One view of integrating the two is called implementational connectionism. It stems from the level theory mentioned in section 4.2 and looks for an accommodation between the two. The basic idea is, symbolic approach and connectionist approach is not competing, but reside at different levels. Symbolic processes are implemented at higher levels by the connectionist operations at lower levels. In other words, the human brain is both a connectionist network and a symbolic processor.29 So, the task of implementational connectionists is to explore how to build AIs that are capable of symbol manipulation from neural networks.

In his The Algebraic Mind, Gary Marcus discussed in detail whether implementational connectionism is promising enough to account for human cognition. He uses one simple connectionist model—multilayer perceptron to test its accountability for three core tenets of symbol manipulation. Three limitations of multilayer perceptron were found: it cannot freely generalize abstract relations; it cannot represent complex relations between knowledge; it cannot distinguish between kinds and individuals. These limitations of this model, Marcus argues, can help us build better models in the future.[48]

  • Hybrid systems

Although some people think the two paradigms cannot be combined well, a lot of hybrid systems have been explored. Hybrid systems are composed of two components that are computationally separate, allowing them to interact with each other. The connectionist component is used to solve low level tasks such as pattern matching and generalizing from noisy data. The symbolic component is used for “inherently symbolic” tasks. For example, Stevan Harnard developed a connectionist network to ground symbols.[49] Daniel Kahneman distinguishes two cognitive systems, one of which is fast, automatic, and subconscious, while the other slow, rule-governed, and conscious, but both of them involve distributed representation.[50] Risto Miikkulainen built the DISCERN network that uses distributed neural network to model symbolic information of story understanding.[51] Smolensky invented a tensor product method where symbolic information is stored at connectionist “locations.” Other examples include James Hendler’s hybrid model that takes a semantic network and connects the instance-nodes to a distributed network and Wendy Lehnert’s model that could give a unified syntactic and semantic account for parsing.[52] More recently, Chris Eliasmith proposed a massive connectionist architecture, using so-called semantic pointers that possesses features of classical variable binding.[53] In the recent two decades, neural-symbolic computation, a new hybrid approach exhibits potential to overcome the problem of propositional fixation of neural networks, being used in fields like bio-information and video games.[54] Marvin Minsky also gave some suggestions on how to build hybrid systems, for example, by forming localized clumps of expertise at some higher levels of connectionist models by weakening the density of connection paths between agencies.47

The components in hybrid systems can be coupled in a loosely or tightly way. Either way, there could be a dominant module that controls other modules. For example, the neural network of symbolic expert systems could execute certain decision making. Or, all modules could be equal, in charge of different tasks.

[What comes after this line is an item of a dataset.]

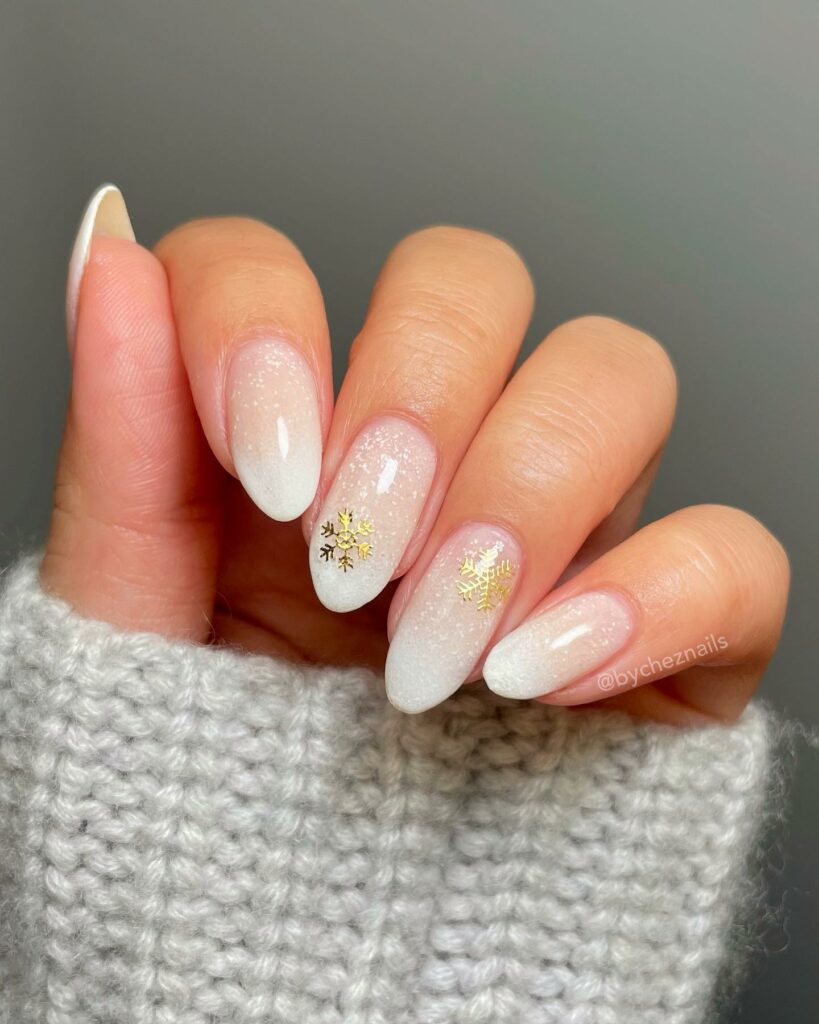 30 Latest Winter Nail Ideas To Try In 2024! 33 Winter Almond Nails With Gold Snow Flakes Design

Building hybrid system needs to solve many challenges, such as architecture and learning. It is important to integrate different representations and processes together. Also, the learning of generalizations of symbolic rules is not well-understood yet. In the workshop of High-Level Connectionist Models in 1988, Michael Dyer argued that hybrid systems should proceed on at least four levels—knowledge, spreading activation semantic network, connectionist, and neural—with a focus on how each level compiles with other levels. 52

  • Pseudo-debate

Nevertheless, recently, the debate seems dying down. In one hand, more and more hybrid systems are born. Merely focusing on the divergence instead of their possibility to integrate is no longer productive. On the other hand, it is increasingly realized that the gap between the two seems closing simply because there’s no gap at all from the beginning. Here are some observations.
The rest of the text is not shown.